Task instructions: Among the entries below, please repeat exactly and only the lines from the line containing "9ct Yelllow Gold" to the line containing "Temporaire industriel 3D", both lines included.

=== Input material ===

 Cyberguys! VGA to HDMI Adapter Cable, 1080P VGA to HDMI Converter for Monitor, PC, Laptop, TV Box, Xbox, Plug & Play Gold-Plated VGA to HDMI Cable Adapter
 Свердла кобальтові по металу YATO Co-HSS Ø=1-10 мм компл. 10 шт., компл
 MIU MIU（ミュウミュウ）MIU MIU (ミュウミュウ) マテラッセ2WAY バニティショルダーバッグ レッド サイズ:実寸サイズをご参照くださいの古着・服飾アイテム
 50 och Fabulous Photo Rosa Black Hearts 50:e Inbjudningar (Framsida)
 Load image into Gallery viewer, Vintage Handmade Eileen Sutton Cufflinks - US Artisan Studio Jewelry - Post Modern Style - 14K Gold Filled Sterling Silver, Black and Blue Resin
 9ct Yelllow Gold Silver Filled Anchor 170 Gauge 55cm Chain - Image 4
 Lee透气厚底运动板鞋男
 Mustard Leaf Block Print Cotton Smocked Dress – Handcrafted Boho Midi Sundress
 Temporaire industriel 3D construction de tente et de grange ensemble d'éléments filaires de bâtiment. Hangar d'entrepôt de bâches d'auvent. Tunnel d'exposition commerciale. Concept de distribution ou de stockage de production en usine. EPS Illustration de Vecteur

===
=== Input material ===

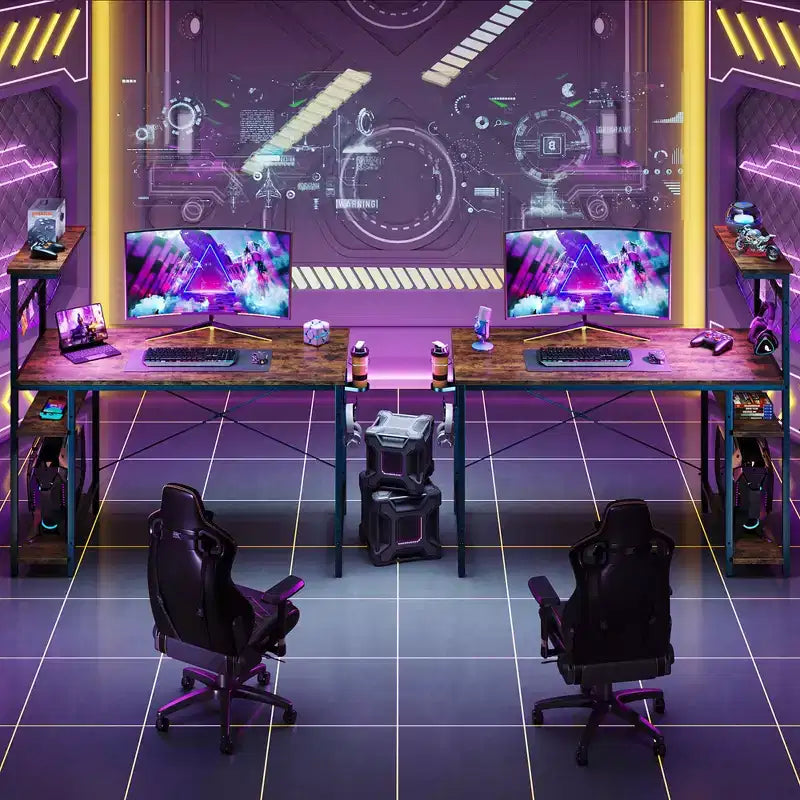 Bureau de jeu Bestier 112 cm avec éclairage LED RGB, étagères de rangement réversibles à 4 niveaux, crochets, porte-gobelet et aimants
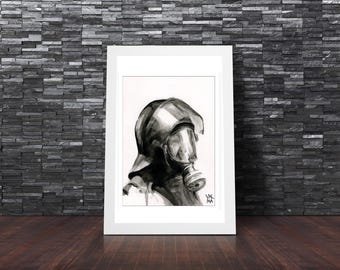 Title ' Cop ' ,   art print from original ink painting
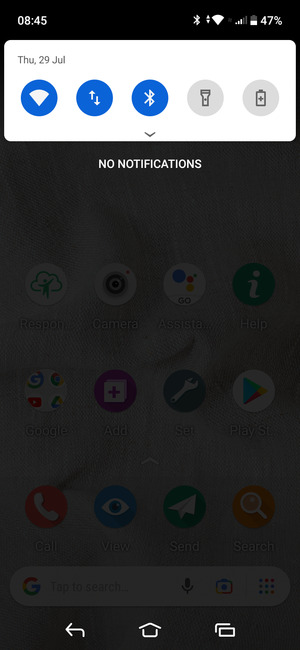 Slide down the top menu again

===

Written response:
 9ct Yelllow Gold Silver Filled Anchor 170 Gauge 55cm Chain - Image 4
 Lee透气厚底运动板鞋男
 Mustard Leaf Block Print Cotton Smocked Dress – Handcrafted Boho Midi Sundress
 Temporaire industriel 3D construction de tente et de grange ensemble d'éléments filaires de bâtiment. Hangar d'entrepôt de bâches d'auvent. Tunnel d'exposition commerciale. Concept de distribution ou de stockage de production en usine. EPS Illustration de Vecteur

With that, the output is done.